§ Supplied data
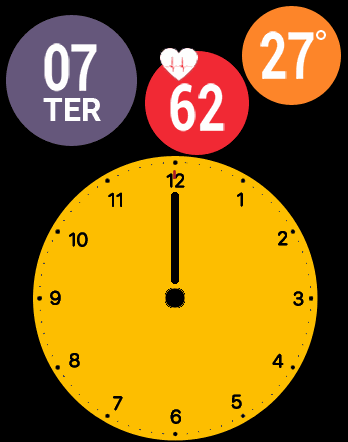 Bubble analogic face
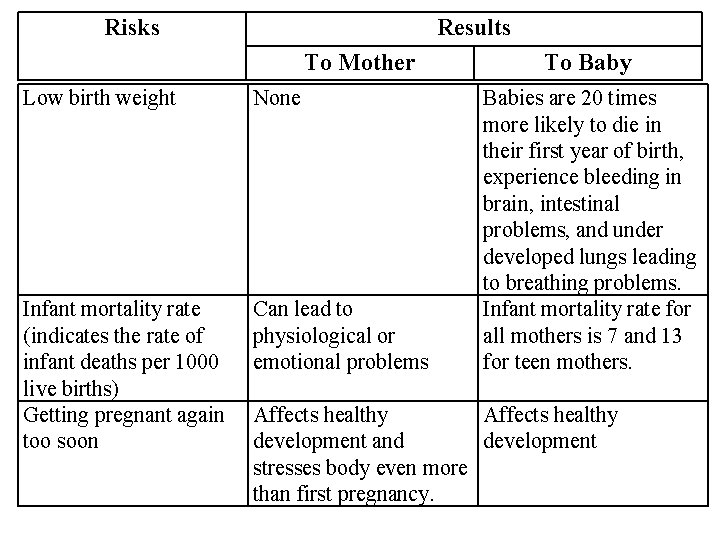 Risks Results To Mother Low birth weight None Infant mortality rate (indicates the rate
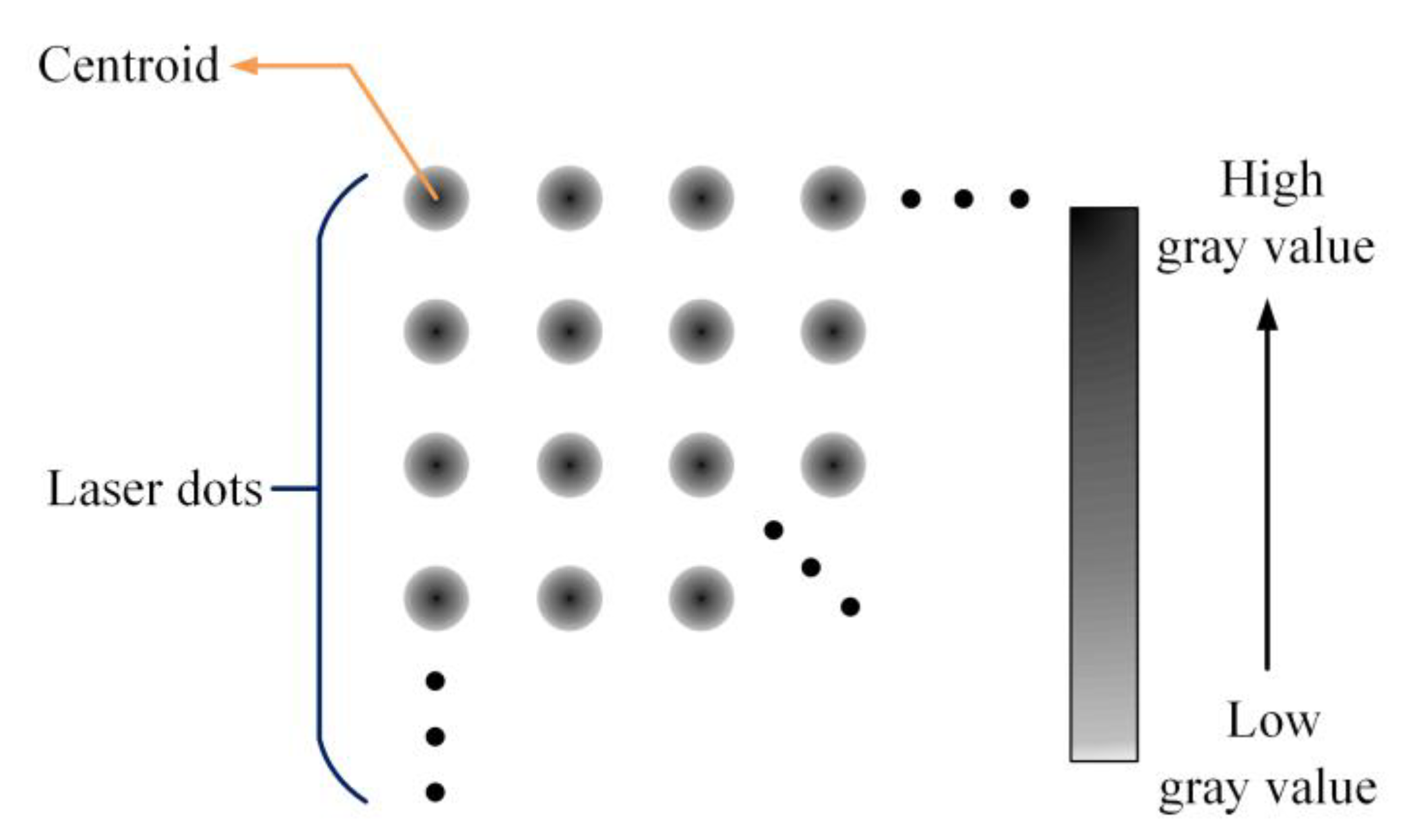 Sensors 20 01485 g005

§ Task item
Only the lines from the one with "Risks Results To" through the end of the data, both ends included, should be written out exactly, and no pictures should appear.

§ Exercise answer
 Risks Results To Mother Low birth weight None Infant mortality rate (indicates the rate
 Sensors 20 01485 g005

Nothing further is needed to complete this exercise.